ARC-AGI-3 Update (GPT-5.5 High and Opus4.7)
Latest AI models manage only 0.43% and 0.18% on a rigorous reasoning test.
New results from the ARC-AGI-3 benchmark reveal that even the most advanced AI models still struggle with abstract reasoning. OpenAI's GPT-5.5 achieved a score of 0.43%, while Anthropic's Opus 4.7 managed only 0.18%. ARC-AGI-3 is a variant of the Abstraction and Reasoning Corpus designed to measure a model's ability to generalize from minimal examples — a core component of human-like intelligence. Unlike standard benchmarks that rely on pattern matching or memorization, ARC-AGI-3 presents novel visual puzzles that require flexible problem-solving. These scores, while low, are not unexpected given that previous models have also failed to crack this benchmark.
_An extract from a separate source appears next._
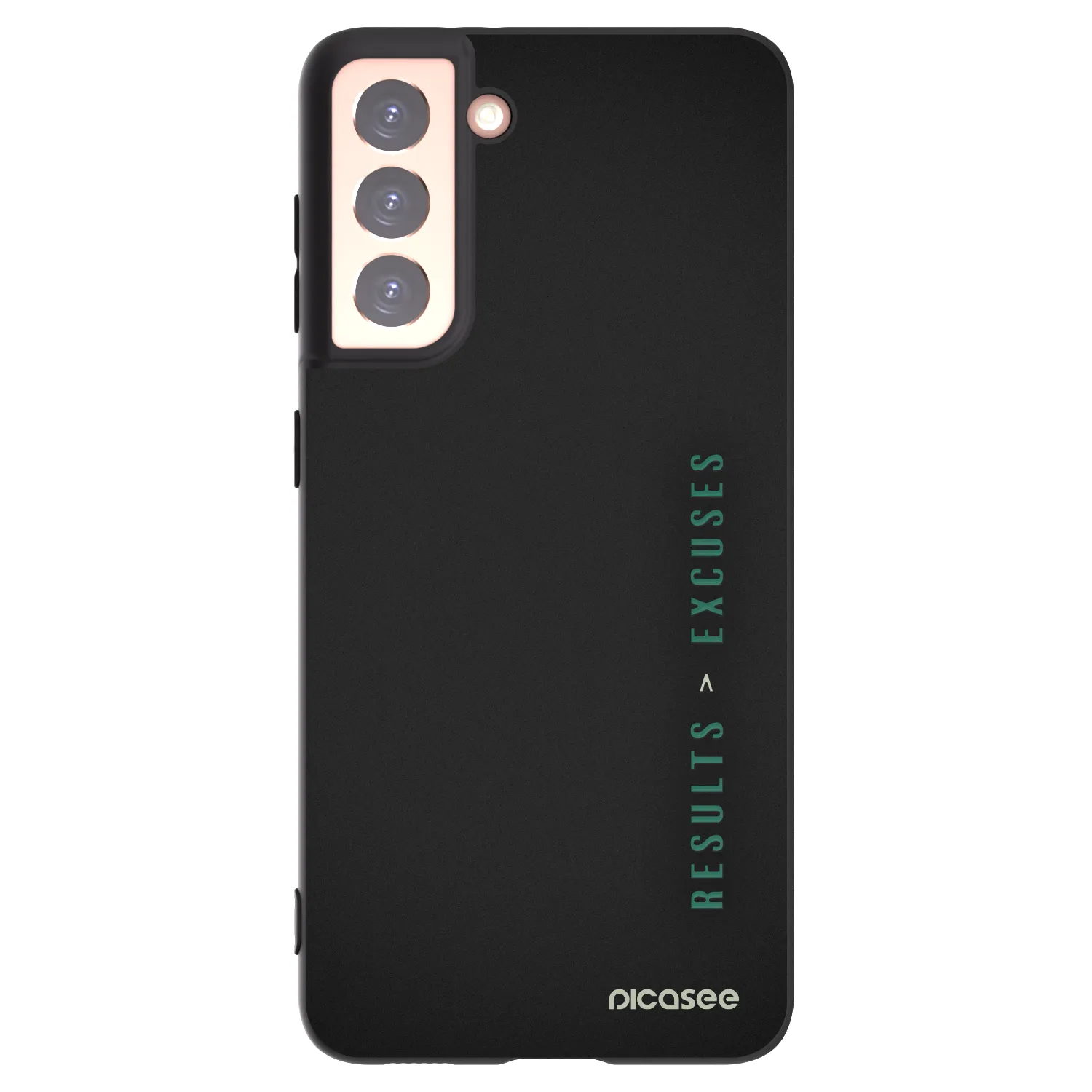 Picasee husă neagră din silicon pentru Samsung Galaxy S21 5G G991B - Results x Excuses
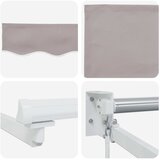 Ručna zlačivna tenda s LED diodama 2,5 x 2 m | Eponuda.com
These results highlight the significant gap between current deep learning systems and true AGI. Both GPT-5.5 and Opus 4.7 represent the cutting edge of large language and multimodal models, yet they barely progress beyond random chance on ARC-AGI-3. The benchmark's designer, François Chollet, has argued that solving ARC tasks requires the formation of new concepts, which remains a critical bottleneck for AI. The community will watch closely to see if future model iterations or emerging architectures like deep reasoning transformers can make meaningful progress. For now, ARC-AGI-3 remains the ultimate litmus test for AGI readiness.
- OpenAI's GPT-5.5 scored 0.43% and Anthropic's Opus 4.7 scored 0.18% on ARC-AGI-3.
- ARC-AGI-3 is an abstract reasoning benchmark that requires solving novel visual puzzles, unlike standard NLU tasks.
- These scores highlight that current AI models still fail to generalize like humans, keeping AGI a distant goal.
Why It Matters
Demonstrates that even frontier AI models lack abstract reasoning, challenging AGI timelines and investment assumptions.